Il vivait ainsi, son matin ressemblant mortellement à son soir, et son midi à sa nuit. Il avait divisé son temps entre la pratique des langues qu’il savait, les recherches philologiques et l’apprentissage d’autres langues, anciennes ou nouvelles, nationales ou vernaculaires. Son plaisir le plus grand consistait à apprendre de nouveaux mots et à faire la connaissance de nouvelles syntaxes.

Il n’avait jamais voyagé, même dans son propre pays, même dans sa propre région. Quel besoin avait-t-il de voyager, pensait-il, quand il savait lire en tant de langues, et donc, de connaître cultures et littératures étrangères ?

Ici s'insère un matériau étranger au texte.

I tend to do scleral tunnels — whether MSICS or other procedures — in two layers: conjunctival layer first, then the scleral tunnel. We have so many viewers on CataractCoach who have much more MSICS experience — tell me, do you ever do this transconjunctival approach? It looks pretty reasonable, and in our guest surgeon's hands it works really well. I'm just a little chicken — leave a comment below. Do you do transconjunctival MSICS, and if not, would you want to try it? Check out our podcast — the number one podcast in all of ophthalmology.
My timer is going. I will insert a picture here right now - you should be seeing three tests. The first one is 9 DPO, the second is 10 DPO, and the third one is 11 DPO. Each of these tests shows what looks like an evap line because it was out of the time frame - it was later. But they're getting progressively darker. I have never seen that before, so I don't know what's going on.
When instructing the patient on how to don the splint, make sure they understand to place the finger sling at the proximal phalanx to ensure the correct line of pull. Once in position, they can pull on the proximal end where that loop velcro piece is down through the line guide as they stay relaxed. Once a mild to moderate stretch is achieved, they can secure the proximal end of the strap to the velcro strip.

Il n’était lui-même ni poète ni écrivain, mais traduisait de temps en temps, par intérêt particulier goût profond, un beau morceau de poésie, surtout lyrique. Il aimait jouer avec les mots, les déplacer dans la phrase, produire de nouvelles formes de phrases, découvrir de nouveaux syntagmes et agencements syntaxiques, dévoiler de nouveaux aspects de l’âme de sa langue maternelle, et surtout connaître plus profondément et mieux les secrets de la langue qu’il traduisait.

Ainsi, ses jours aboutissaient aux nuits solitaires et ses nuits enténébrés arrivaient au but, dans cette ville située au pied d’une vaste chaîne de montagnes rocheuses. Quand il se levait le matin, il se disait à voix haute ou chuchotant – quand il était morose - : « Voilà un jour nouveau ! ش Soleil ! Salut ! Tu es mon cœur, tu es tout mon être ! Que je t’aime des tréfonds de ma simple existence ! »

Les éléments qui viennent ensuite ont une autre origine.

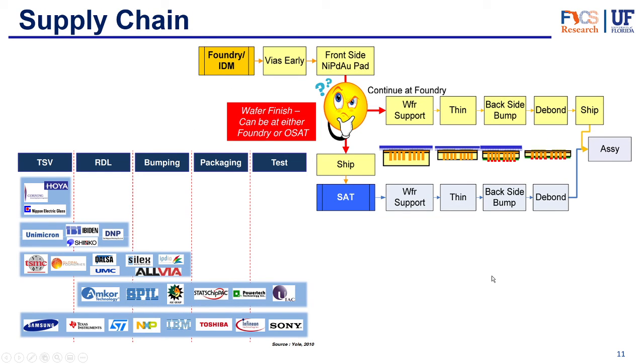Now we know a lot about the interposer, but let's take a look into the supply chain. Like we mentioned earlier, they're mainly made in the foundries — they make the dies and the front side. Then there are two possible ways they can be finished: they can either continue at the foundry or IDM, doing wafer support, thinning, backside bump, debonding and shipping; or they can send them to the OSATs, and the OSATs can do those final steps. In this graph to the left we can see which companies do each process. Companies like TSMC and Global Foundries do the TSV, RDL, and bumping. Others like Amcor Technologies don't do the TSV but do RDL, bumping, packaging, and testing. And some IDMs like Samsung, Texas Instruments, Sony, Toshiba, and IBM can do all of it.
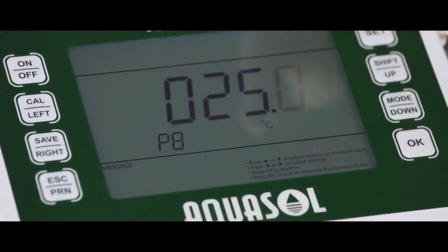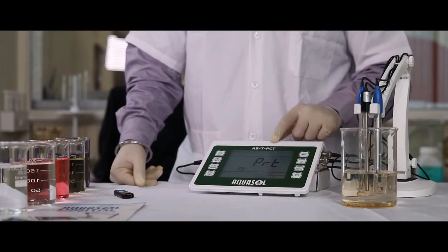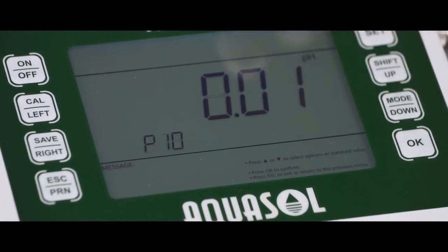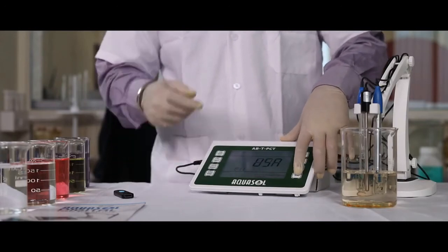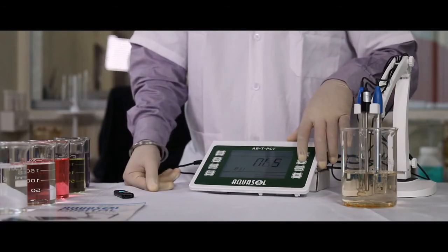P8 to enter the temperature of the solution manually. P9 to select Bluetooth operation mode to print meter readings on a Bluetooth printer, or App mode to connect to the Android app. P10 to select the pH resolution range. P11 to select the pH standard buffer range. USA is the default setting. These are the settings for pH.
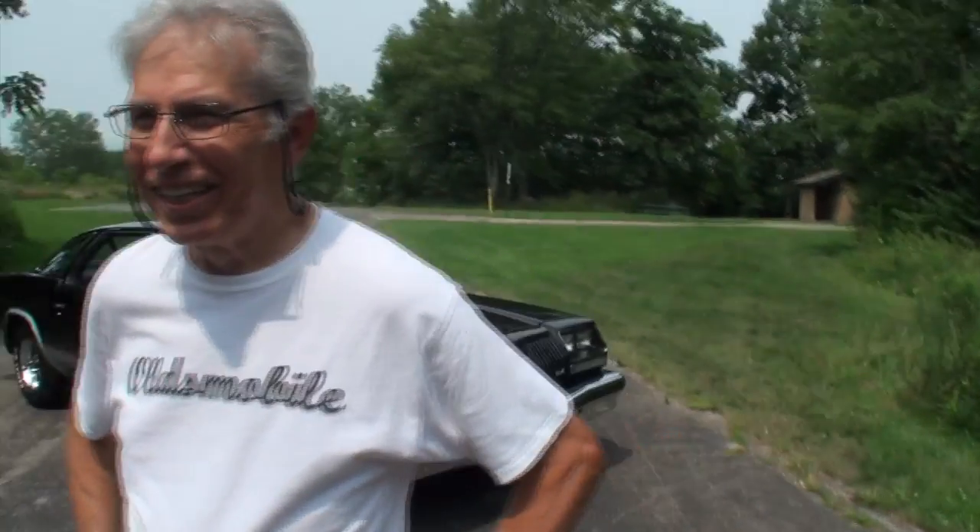Hi, I'm Lou with another episode of My Car Story. Today we're out in the western suburbs of Chicago, right in my own hometown. I saw Larry at a car show — Larry Simolas — and it's a 1976 Oldsmobile Cutlass 442. He bought it brand new in 1976, so he's the original owner of this car.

Un jour, durant une recherche étymologique sur les noms des plantes de la région, - il était fou de la nature et de ses beautés sans bornes -, il fit la connaissance d’une jeune botaniste. Cette jeune fille marchait modestement sur les herbes du vieux jardin situé à l’entrée de la ville, jardin qui venait de fleurir une nouvelle fois dans son histoire. Sa démarche, sa contenance et sa posture le fascina, de sorte qu’il fut comme enchanté par son charme indescriptible.

En fait, c’était la première fois de sa vie qu’il tombait dans un amour total et profond. Il tenta d’y échapper de tout son être, mais demeura incapable de le faire. Inclinée sur un buisson en train de cueillir quelques feuilles pour son herbier, c’est ainsi qu’il la vit pour la première fois. Cet instant devint un moment de retour, ou de détour, ou de tourment, ou de torture, ou autres, dans sa vie livresque de linguiste. Quelques regards et quelques courts mots saccadés suffirent pour « blanchir » sa nuit, et l’empêcher de dormir. Dommage ! La montagne magistrale de ses sciences et savoirs fondait ou restait inaccessible. Il ne pouvait plus en user ni y puiser. Il s’épuisait lui-même aux charmes de ses sourires.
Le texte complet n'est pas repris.